→ WHAT THE EXERCISE ASKS
The pictures must be left out, while the rest of the data is copied exactly.

→ PROVIDED MATERIAL
>>>>

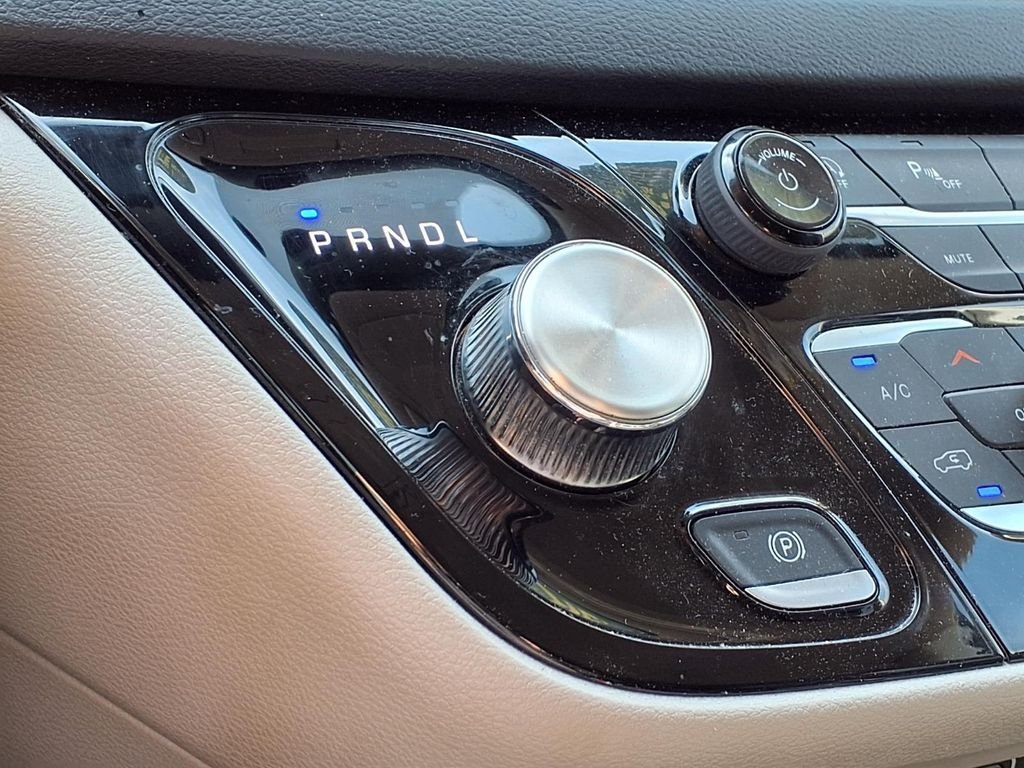 Used 2023 White Chrysler Touring L image 25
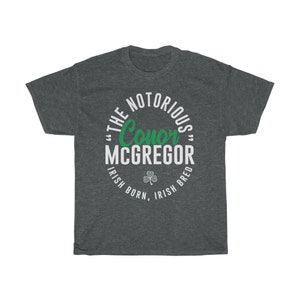 Le célèbre combattant graphique Conor McGregor porte un t-shirt unisexe Dark Heather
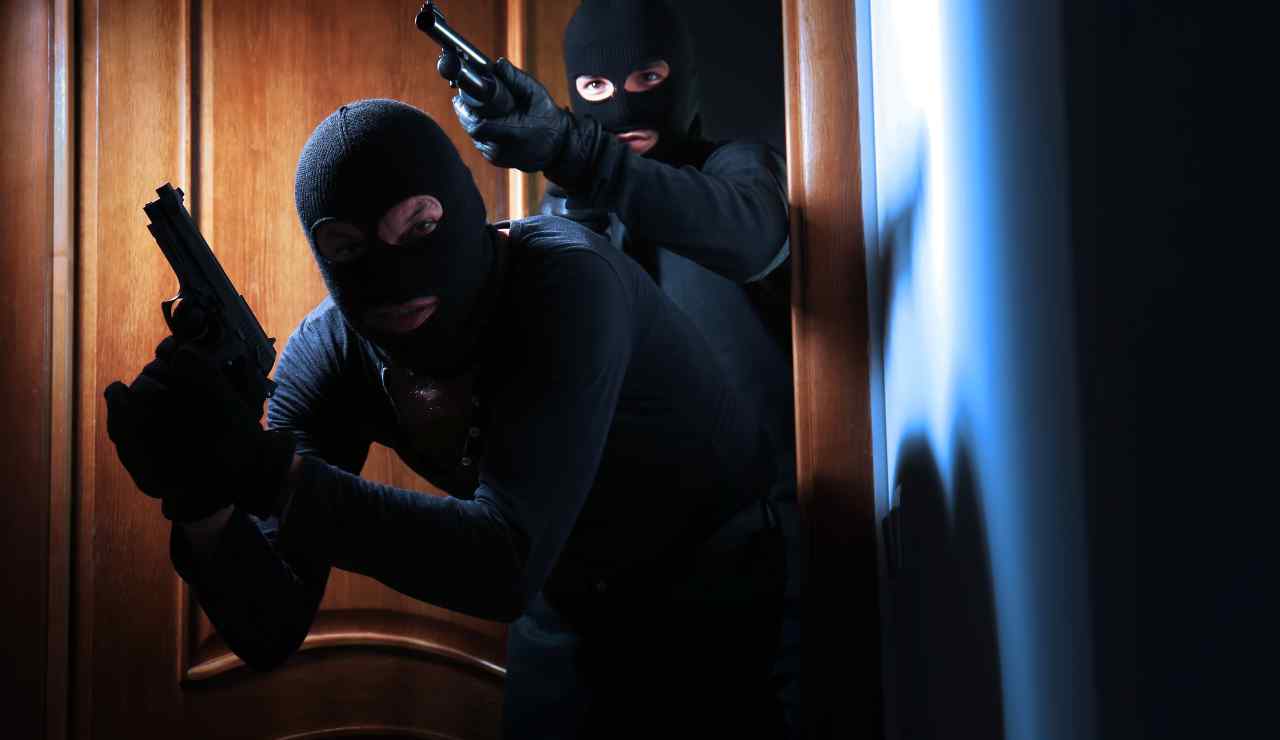 Ladri in casa come difendersi cosa ammette la legge - Inchiostroverde.it (Fonte foto Canva)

<<<<

→ TASK RESPONSE
 Used 2023 White Chrysler Touring L image 25
 Le célèbre combattant graphique Conor McGregor porte un t-shirt unisexe Dark Heather
 Ladri in casa come difendersi cosa ammette la legge - Inchiostroverde.it (Fonte foto Canva)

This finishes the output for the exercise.